Kurdish oil deal stirs Iraqi tensions

Autonomous region’s oil minister outlines plans to export oil and gas to Turkey, increasing tensions with Baghdad.

End of Kurdish oil exports raises fears
Erbil is Iraqi Kurdistan’s capital, an autonomous region within the federal Iraqi republic [Al Jazeera]

Erbil, Iraq – The oil minister for Iraq’s Kurdish region has outlined bold plans to export oil and gas directly to Turkey, escalating tensions in a battle with Baghdad for control of the country’s fuel exports.

Ashti Hawrami, Kurdish oil minister, told an industry conference on Sunday that a one million barrel per day pipeline from Kurdish fields to an oil facility just a few kilometres from the Turkish border was expected to be completed by the end of next year.

He said a second phase would extend that pipeline across the border to deliver crude oil to the Turkish port of Cihan.

Turkey is also currently extending pipelines from the Cihan port on the Mediterranean to the border with Iraq’s Kurdish region.

“We envisage the building of a new pipeline taking Kurdistan’s oil, particularly the heavier component part to Cihan,” Hawrami said in his first public announcement of the planned project.

Hawrami made the comments while speaking at a conference with Taner Yildez, Turkish energy minister, on Turkish-Kurdish energy co-operation.

Kurdish officials had been reluctant to publicly talk about the proposed pipeline until Turkey gave a clear sign that it was committed to the project.

He said another pipeline being planned would carry natural gas to Cihan and then on to international markets.

Yildez reiterated to journalists that any investment in the Kurdish oil industry would benefit all of Iraq.

Iraq’s internal affairs

Talk of the project threatens to worsen already strained relations between Ankara and Baghdad, which has accused Turkey of interfering in Iraq’s internal affairs.

Baghdad’s central government maintains that it has the sole right to negotiate contracts and export oil and gas.

Turkish oil officials say the Kurdish region’s large and virtually untapped oil and gas reserves and Turkey’s huge demand for fuel, make pipelines linking the two almost inevitable.

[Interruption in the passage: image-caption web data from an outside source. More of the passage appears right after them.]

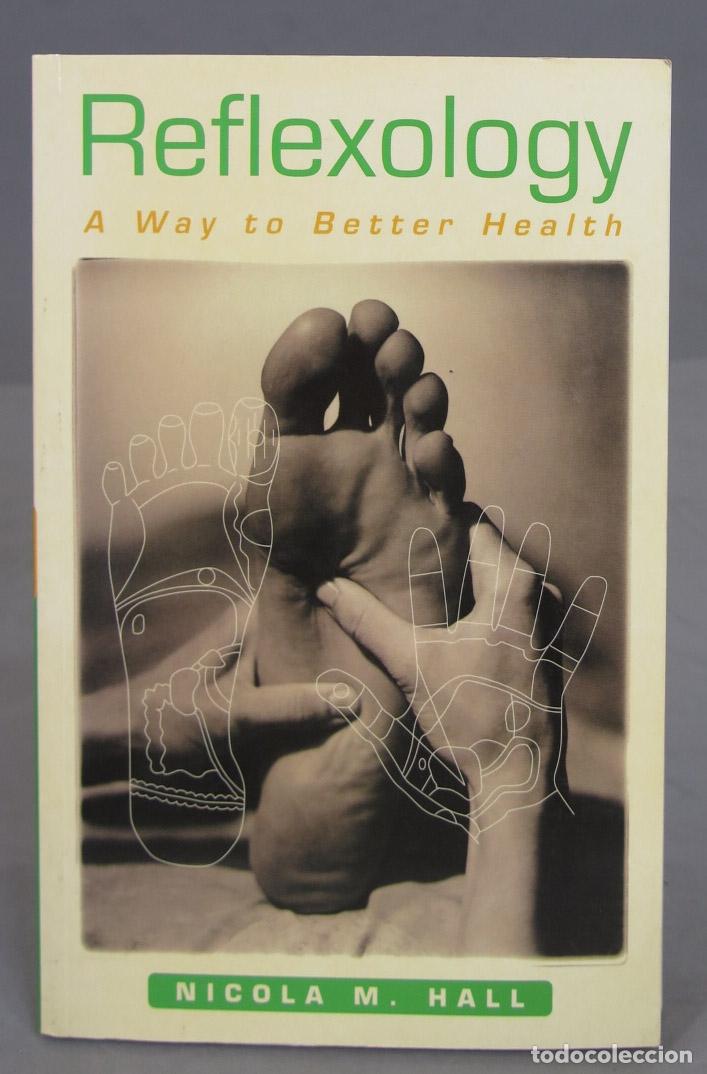 Libros de segunda mano: Reflexology. Nicola M. Hall - Foto 1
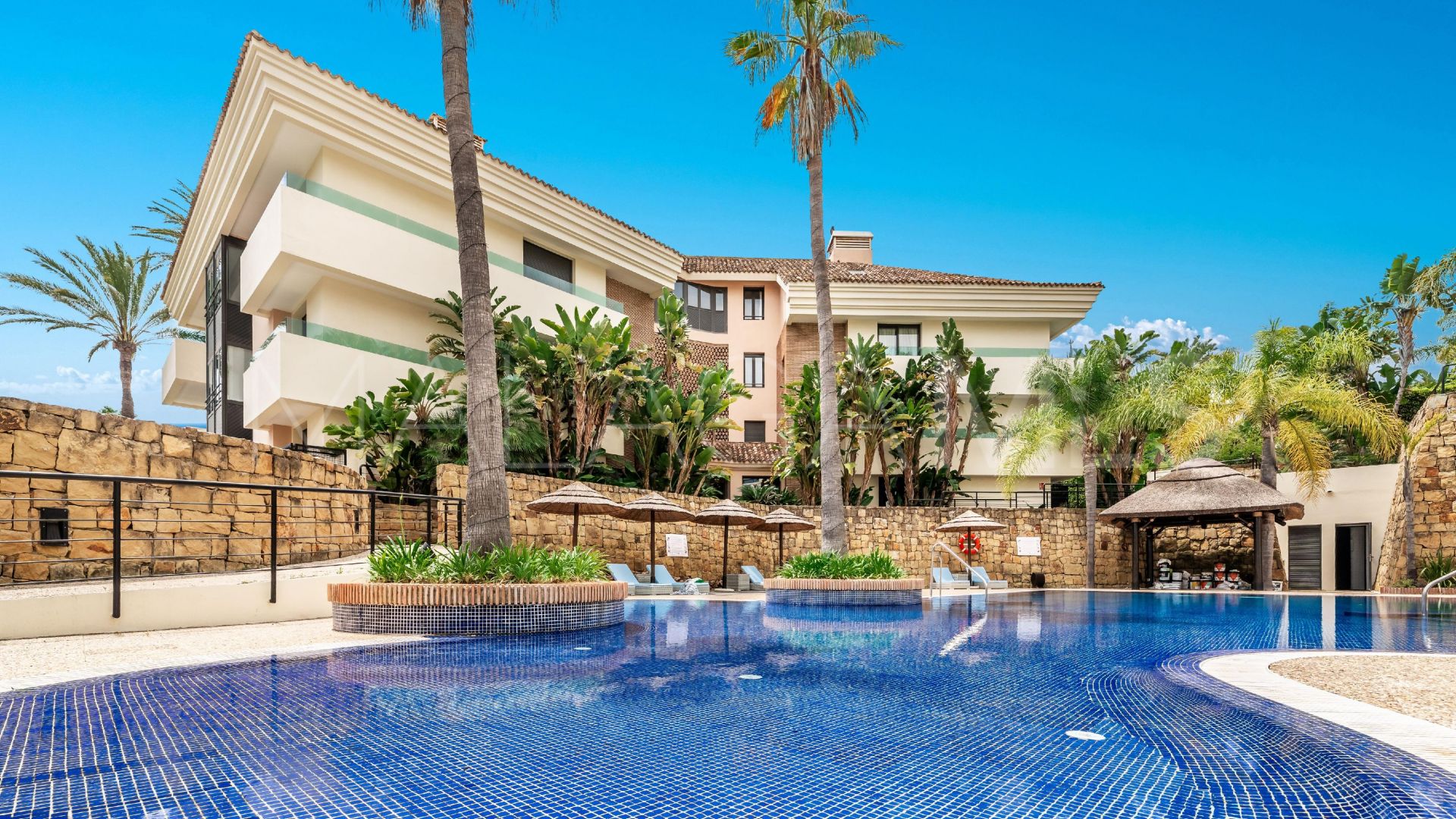 For sale 3 bedrooms apartment in Los Monteros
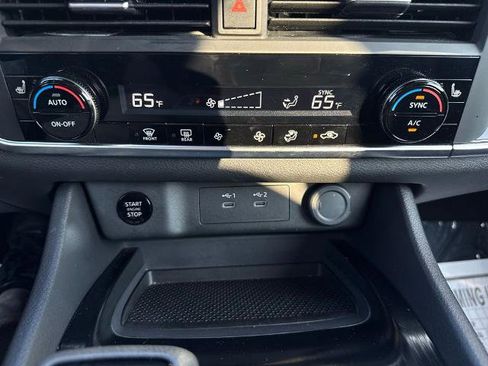 Certified 2025 Nissan Rogue SV AWD/4WD image 28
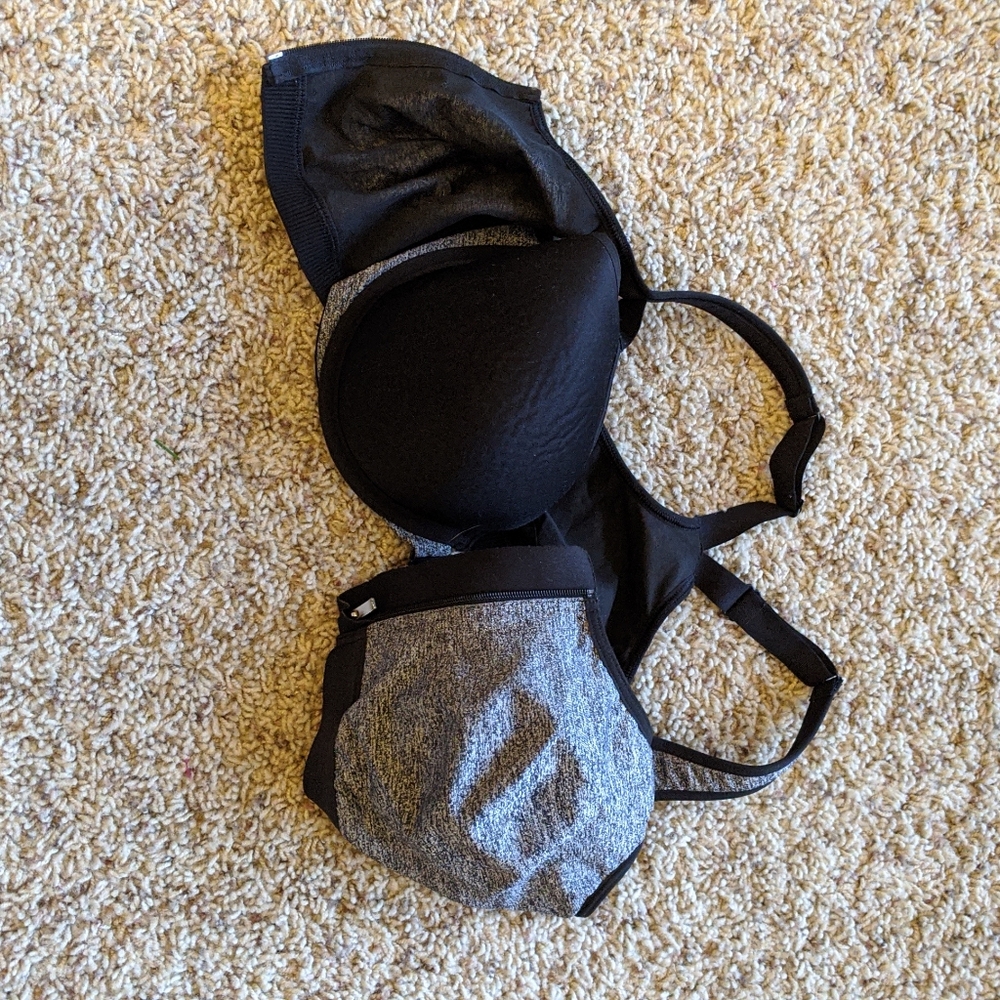 VS Sports Bra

Iraq has now become Turkey’s second biggest trading partner, the majority of the trade with the Kurdish region.

Those considerations are outweighing Turkey’s traditional opposition to any measures that would give the semi-autonomous Kurdish region even more power than it already has.

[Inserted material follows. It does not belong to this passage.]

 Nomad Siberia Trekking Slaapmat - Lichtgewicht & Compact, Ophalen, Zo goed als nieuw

“If you look at Turkey, which is the second-fastest growing country in the world, its gas needs which increase significantly every year and then the price of oil,” Mehmet Sepil, chairman of Turkey’s Genel Energy, tells us.

“I think people realise that Turkey is looking to Iraq – particularly the Kurdish regional government – very carefully because of economics, not because of politics,” Sepil said.

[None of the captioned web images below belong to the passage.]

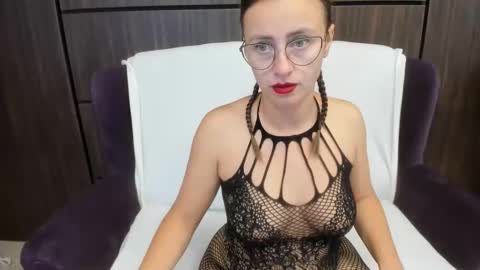 Dominna online show from September 24, 2025, 5:22 am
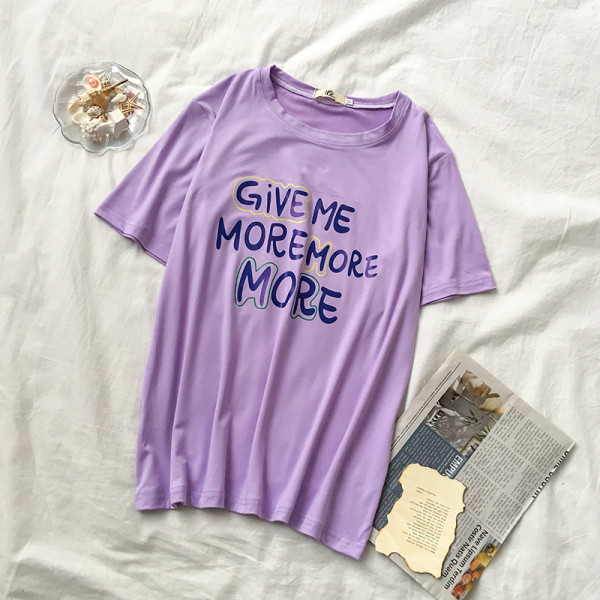 Modernūs moteriški marškinėliai su užrašais ir apvalia iškirpte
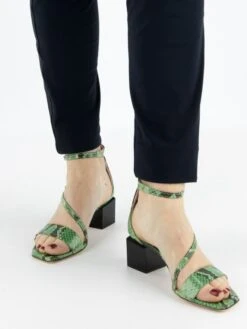 AGL ANGIE SANDAL D660007PCK Sandaletten VEGAN-NERO -Modebe Kleidung Geschäft agl sandalette angie sandal d660007pck 5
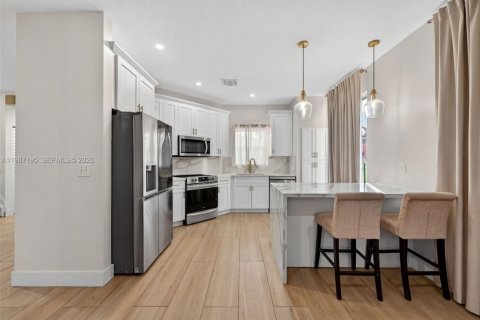 House in Pembroke Pines, Florida 3 bedrooms, 185.62 sq.m. № 2046633 - photo 17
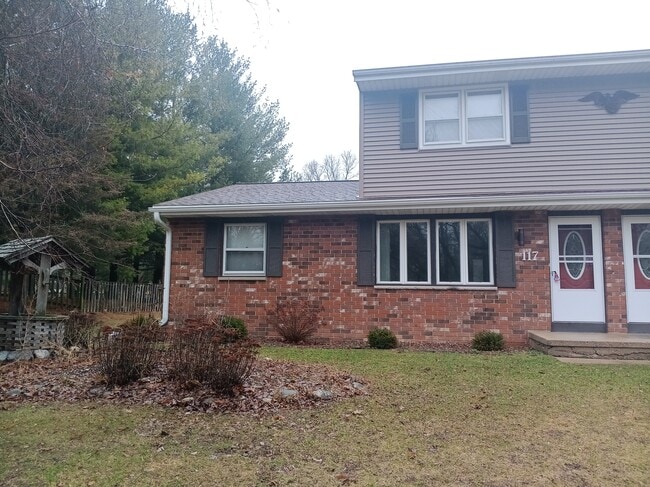 Building Photo - 117 Hilly Oak Dr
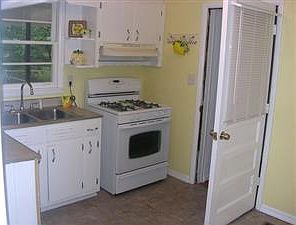 3rd image of 693 Oakdale Dr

The Iraqi government considers illega contracts such as those signed by Genel, the first of what is now more than 40 oil companies operating in the Kurdish region.

It has moved to ban Exxon Mobile, the world’s biggest oil company, from new contracts in Iraq’s huge southern oil fields if it carries through with contracts negotiated with the Kurdish government.

While proven oil reserves in the south of Iraq are estimated at 143 billion barrels, the Kurdish regions reserves total 45 billion barrels, the Kurdish government says.

Those figures though are believed to include oil from the disputed Kirkuk oil fields.

Selling oil directly

Kurdish officials maintain that as long as revenue goes to the central bank and the Kurdish region receives its agreed share of revenue, it can sell the oil directly.

“When we say oil from Kurdistan, it’s Iraqi oil,” Hawrami said.

“There is no difference between Iraqi oil or Basra oil from Kurdistan.”

The Kurdish government in April, though, stopped exports of oil from its fields to an Iraqi government facility near Kirkuk after a payment agreement broke down. Instead oil companies are selling the reduced production to local markets to cover their costs.

Kurdish rhetoric has become increasingly hard-line recently as Prime Minister Nouri al-Maliki’s coalition government remains embroiled in a crisis over charges that the prime minister has reneged on promises made to Kurds, Sunnis and even his own Shia allies.

“Political stalemate in Baghdad, sporadic but intense bouts of violence and sectarian conflict point to an identity crisis,” gloated the Kurdish region’s annual oil and gas report released on Sunday.

“The stagnating political dynamics between the Sunni and Shia leaderships in Baghdad are positioning the Kurdistan region as a model of political virtue and stability in Iraq.”

In another message to Baghdad, Hawrami also told the energy conference that the Kurdish region was planning to “barter” crude oil it produced with other countries for refined fuel. The move would also contravene the principle that only the central government can export Iraqi oil.

To an audience that included the governor of bordering Nineveh province, embroiled in its own dispute with Baghdad,

Hawrami also reiterated the intent to work in oil fields in disputed areas claimed by both the Kurdish and central governments.